• **About this task**: Exclude all pictures from your copy of the data below, which should otherwise match exactly.

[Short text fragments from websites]

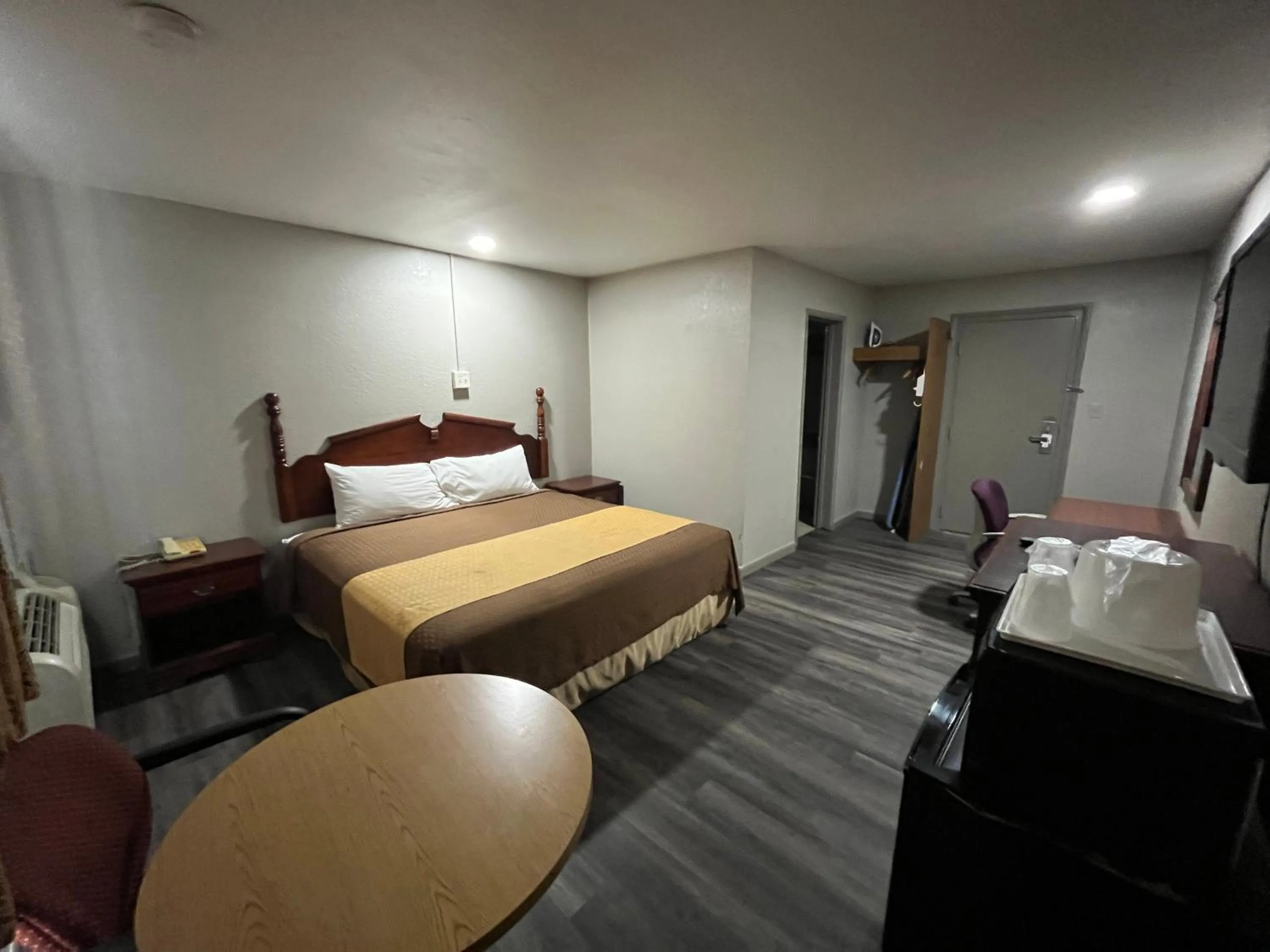 Photo of the whole room in Mid Towne Inn & Suites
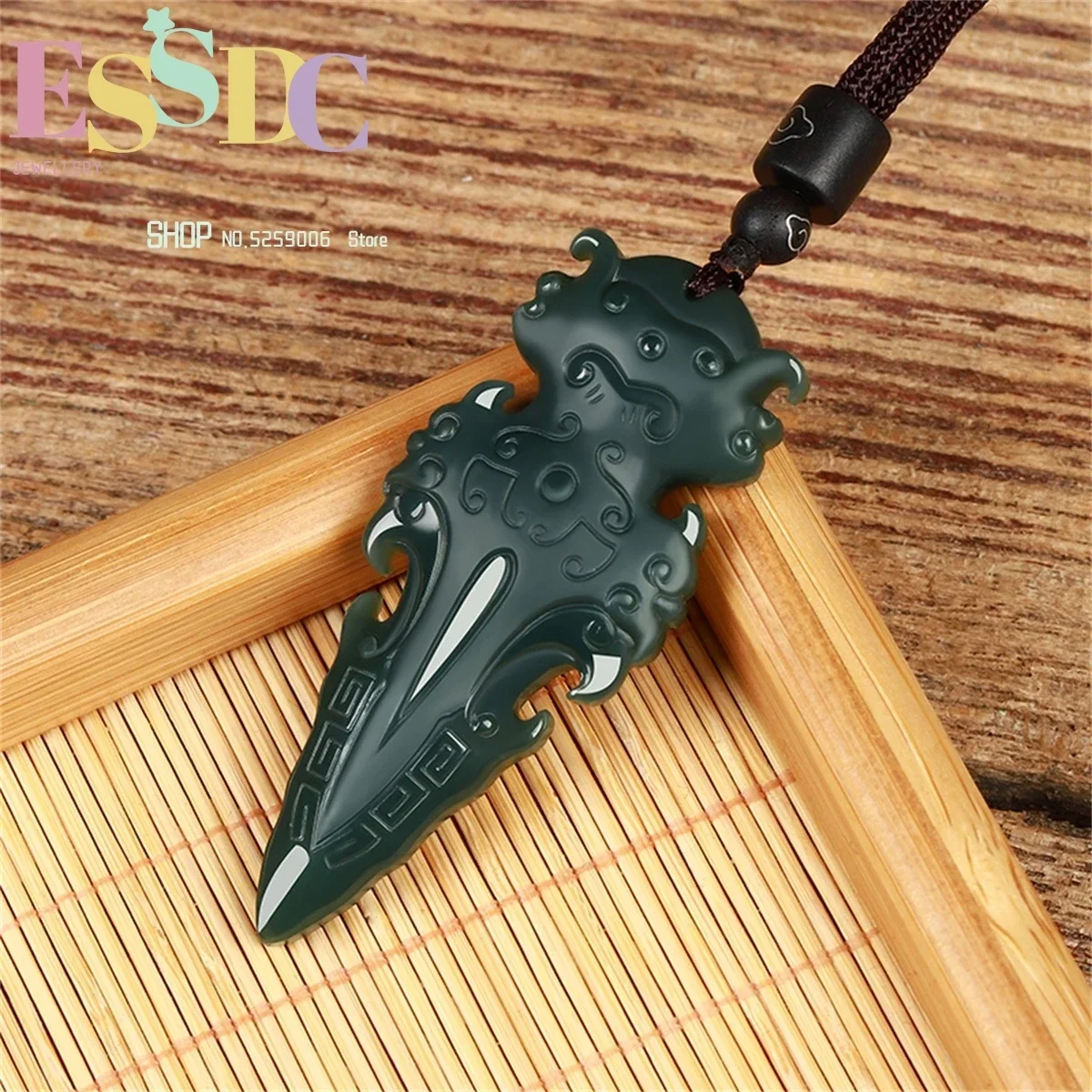 Natural Jade Pendant Hand-Carved Jadeite Pendants Fashion Necklace for Men Women Charm Jewelry with Chain Amulet Gift Retro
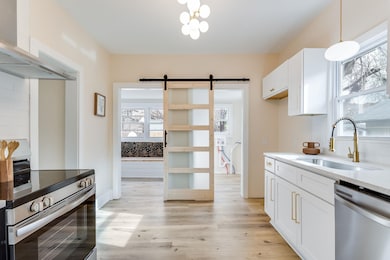 240 S Holyoke Ave, Wichita, KS 67218 - photo 4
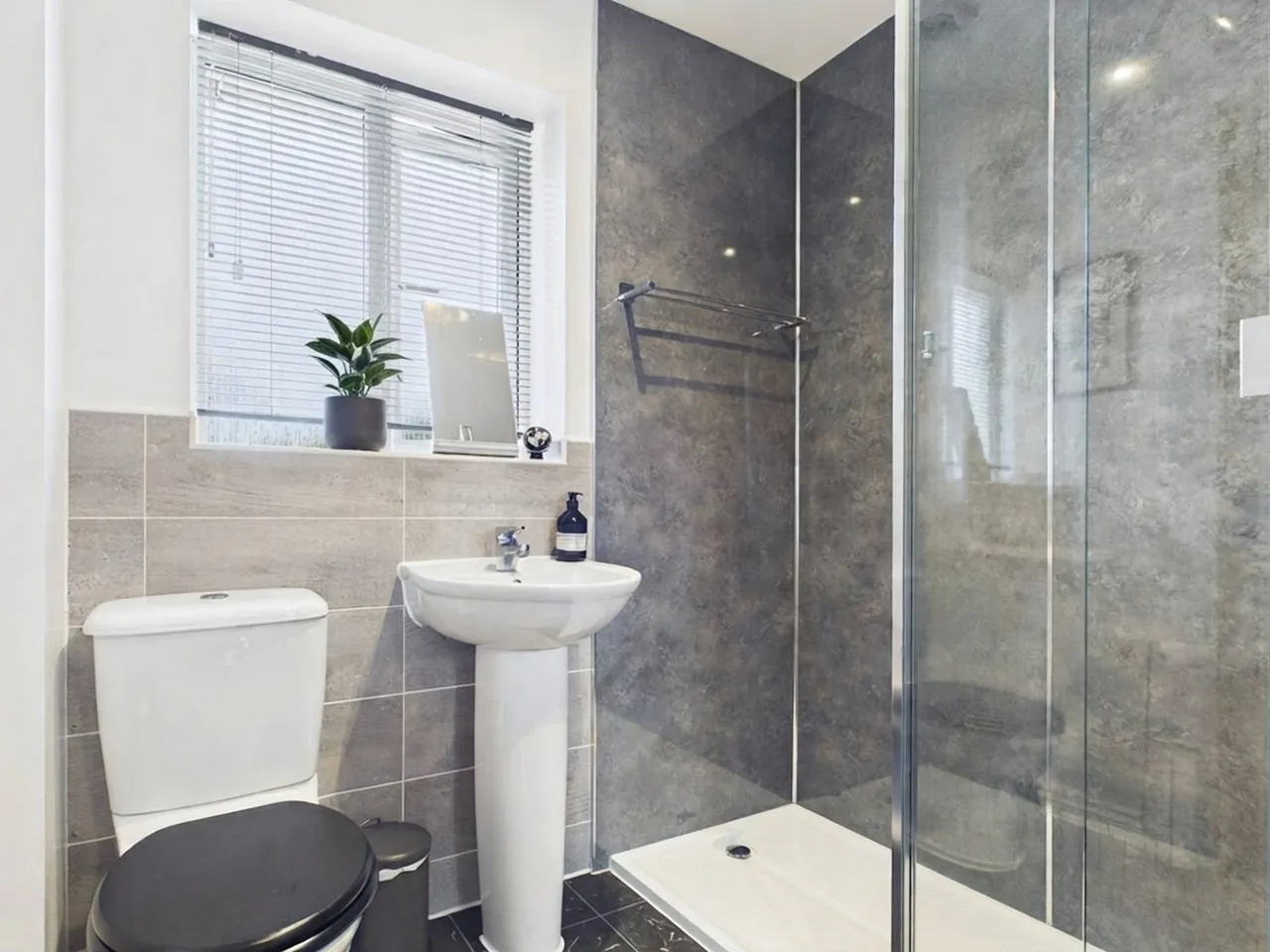 Ash Drive, South Molton, EX36, photo 17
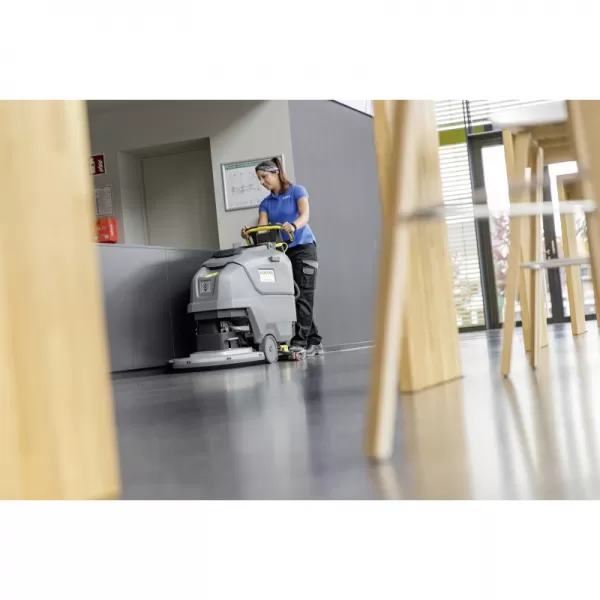 Podlahový mycí stroj s odsáváním BD 50/55 W Classic Bp Kärcher 1.127-055.0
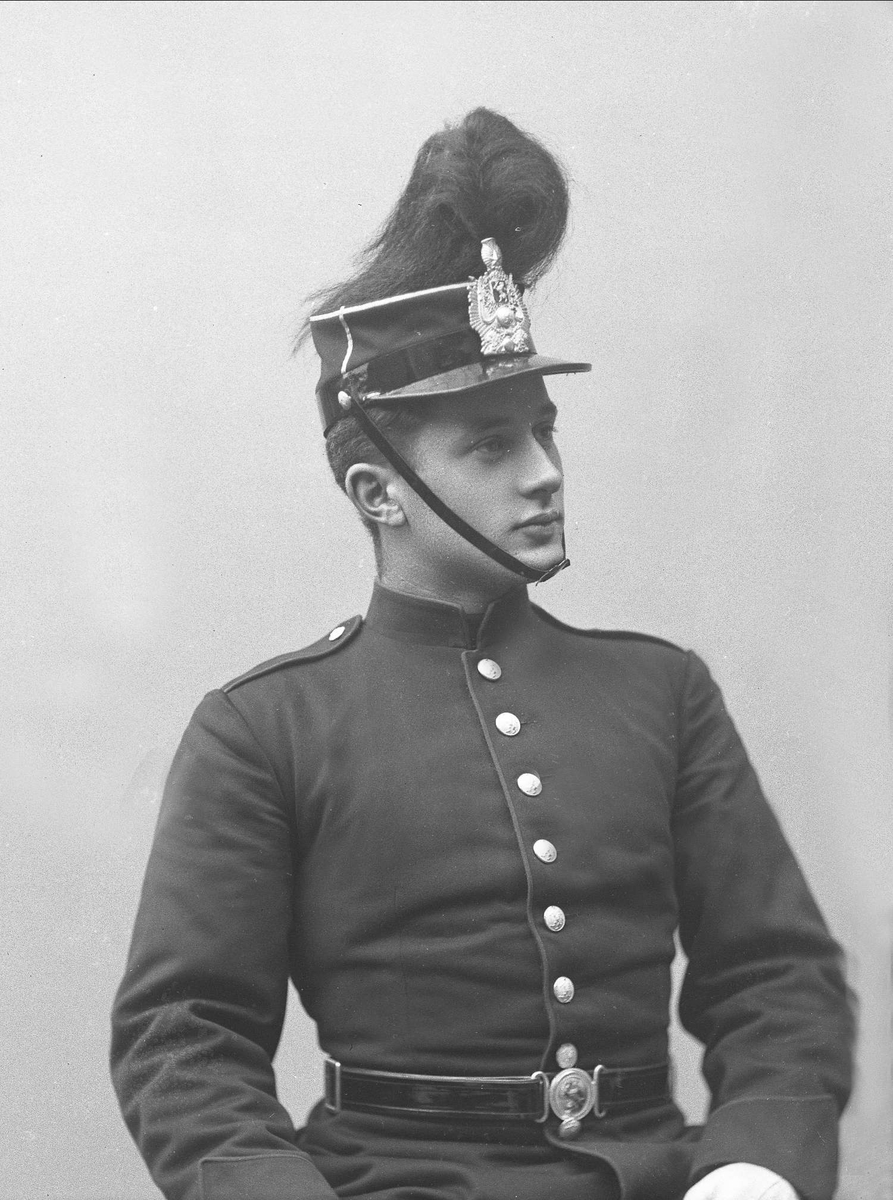 Gustav Borgen, Portrett, mann i kadettuniform.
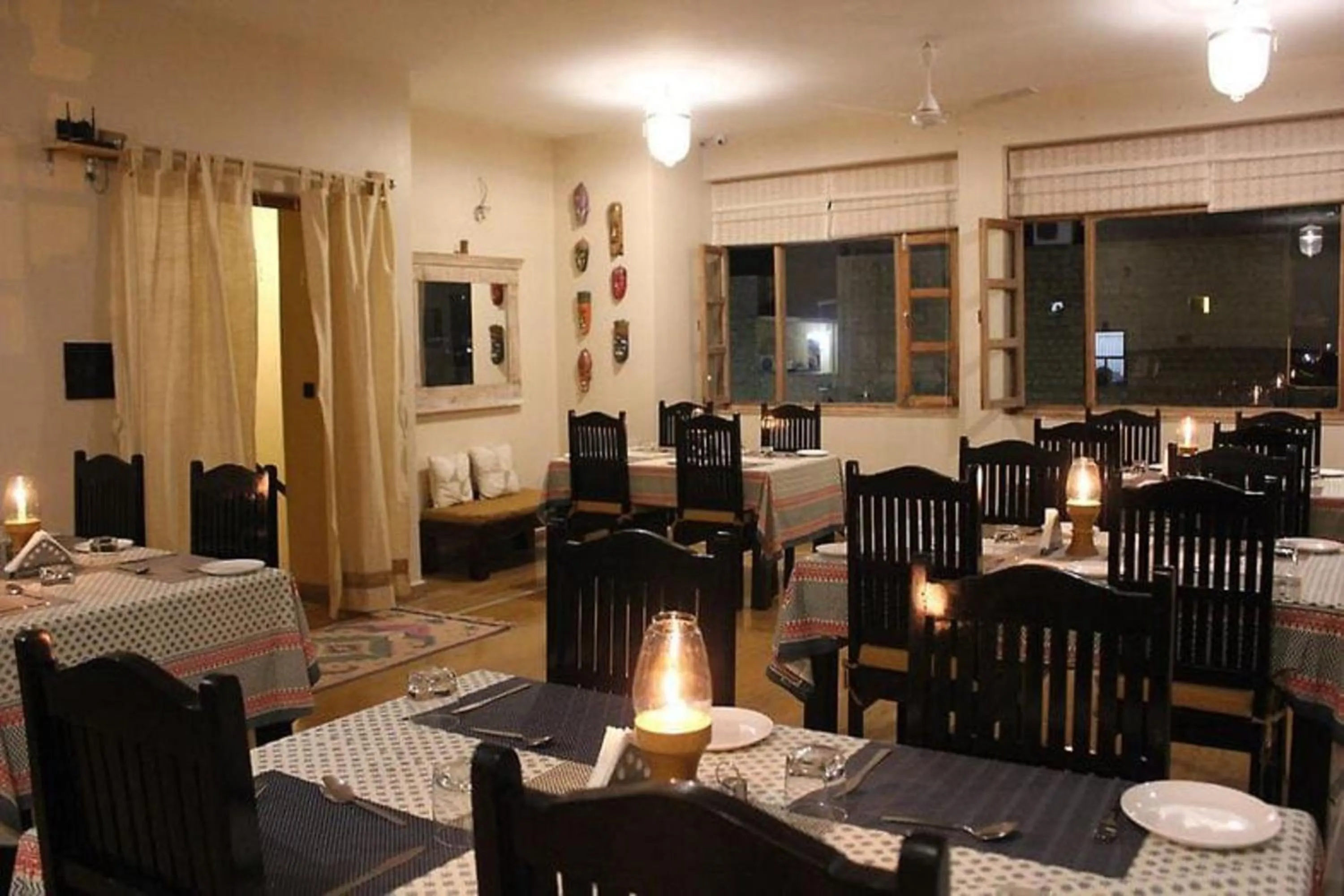 Restaurant/places to eat in Hotel Jaisan Haveli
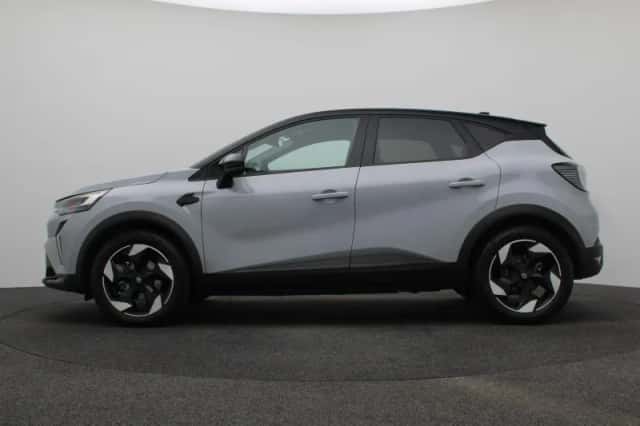Renault Captur (2025) thumbnail 2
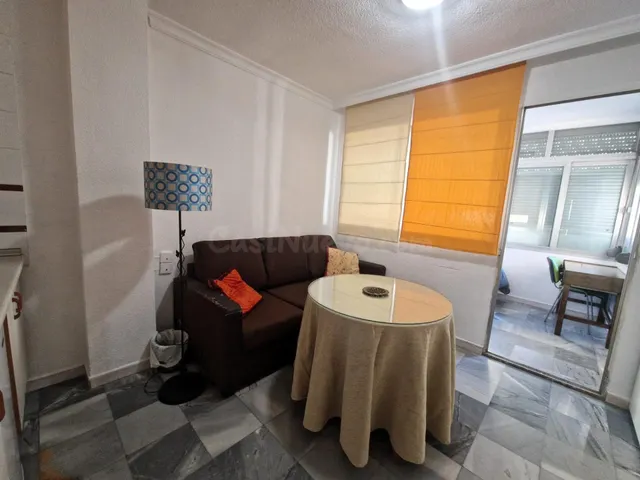 ¡Estudio en alquiler en la zona Ancha de Capuchinos!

• **Task result**:
 Photo of the whole room in Mid Towne Inn & Suites
 Natural Jade Pendant Hand-Carved Jadeite Pendants Fashion Necklace for Men Women Charm Jewelry with Chain Amulet Gift Retro
 240 S Holyoke Ave, Wichita, KS 67218 - photo 4
 Ash Drive, South Molton, EX36, photo 17
 Podlahový mycí stroj s odsáváním BD 50/55 W Classic Bp Kärcher 1.127-055.0
 Gustav Borgen, Portrett, mann i kadettuniform.
 Restaurant/places to eat in Hotel Jaisan Haveli
Renault Captur (2025) thumbnail 2
 ¡Estudio en alquiler en la zona Ancha de Capuchinos!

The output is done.